I often wonder if Berny (and his assistant) ever made it to the big time and left that kiosk in the pedestrian walkway and did they ever get a PROPER shop? If anybody out there knows the answer, please, let me know. Many thanks.
Neil MacGregor
                                      
                                            

    

Shared on 04 December 2008 by Neil Macgregor.

Life in Seaforth Avenue

As a youngster I, along with two other brothers, attended the RED school in West Barnes Lane (infants and juniors) and when old enough, I moved over the sports field to the White School (seniors). My brothers moved on to the Beverley School in Blakes Lane, Motspur Park. During the mid 1940s, it was the job of us boys, on a Saturday morning, to take Mum's pram around to Champion's the timber merchants' rear entrance (that was quite near the back of the 'What Oh' transport cafe), get permission from the saw mill foreman to salvage all the off cuts of planks etc and we would then load Mum's pram to overflowing, even jamming pieces of wood down the sides to enable the pram to carry twice it's capacity. When we eventually got home, after pushing the pram and contents along Burlington Road, past Bradbury Wilkinson's printing factory, we would turn right, over the level crossing and then right again into Seaforth Avenue.
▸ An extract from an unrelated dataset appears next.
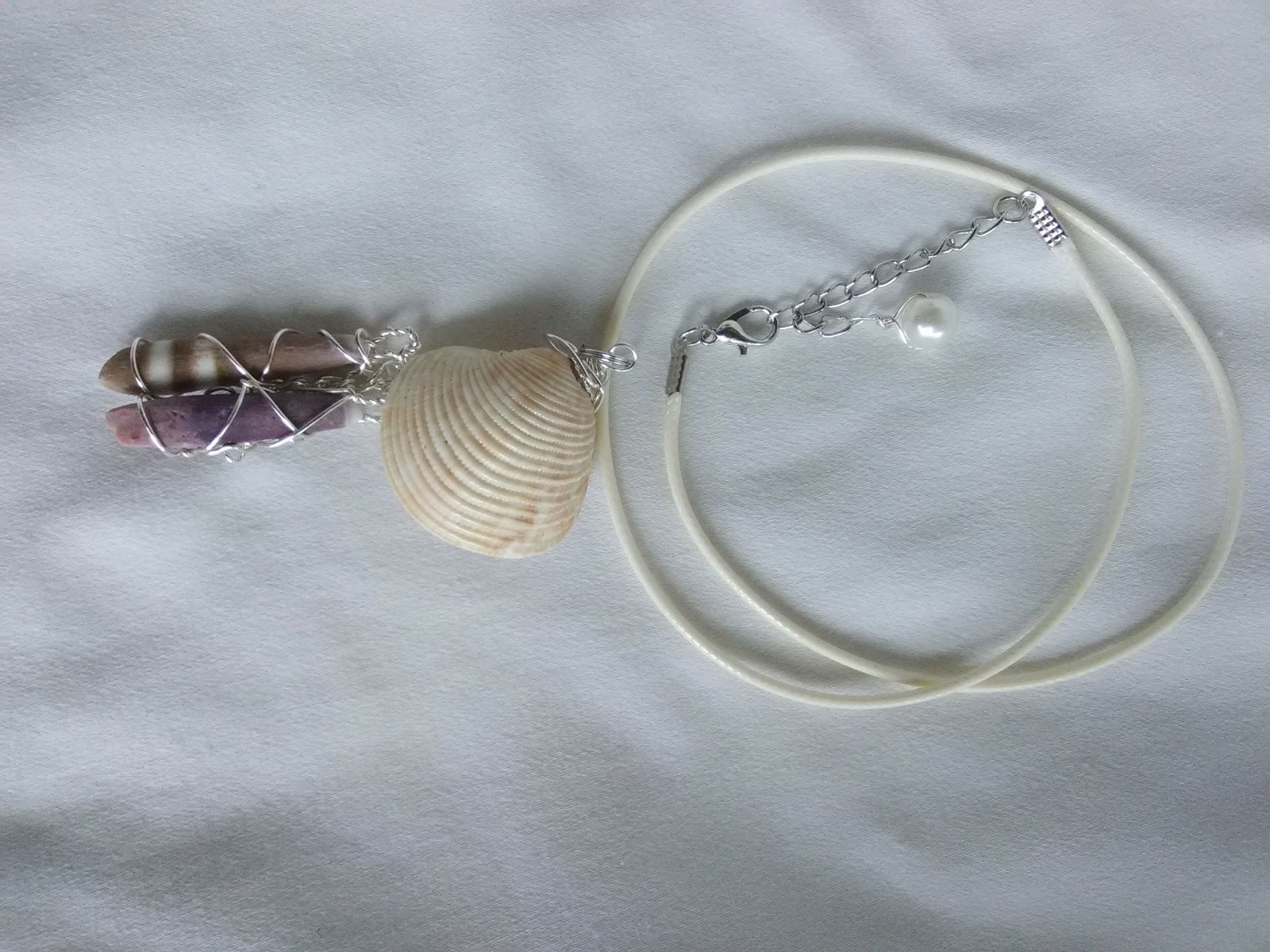 Clam Seashell Pendant Necklace 19″ Boho Women’s Jewelry US Seller Gift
When we got home, all the bits of wood were stacked away in Dad's lean-to shed, ready for chopping up for the indoors fire. When the pram was emptied, off we would go again, this time to Francis the coal merchant at the bottom of the New Malden High Street (just by the railway bridge).
At times, on the way home, with two one-hundred-weight bags of coal in the pram and being a mighty bit hungry, as we passed the hardware store just up the High Street from Francis's (the name eludes me), we would grab a dog biscuit from the top of the open sacks that were on display at the front of the shop, break it up into edible sizes then eat it on the way home!! Sometimes we were unlucky enough to grab one that was made out of a charcoal substance and it tasted awful, but we still ate it!!  .Perhaps that was our penance for stealing. My family moved away from Seaforth Avenue in 1953 after having been there since 1939. I am now married and live in Chelmsford, Essex and have done so since leaving the Merchant Navy in 1962. I often relate stories to my grandchildren of when I was a 'war baby' and what I got up to when I was younger, but at times I think they find it hard to believe what my brothers and I had to do to assist in the daily life of a family during the dark days of World War Two. Worrying days for Mum and Dad, but wonderful, happy days for us kids!!   

Shared on 03 December 2008 by Neil Macgregor.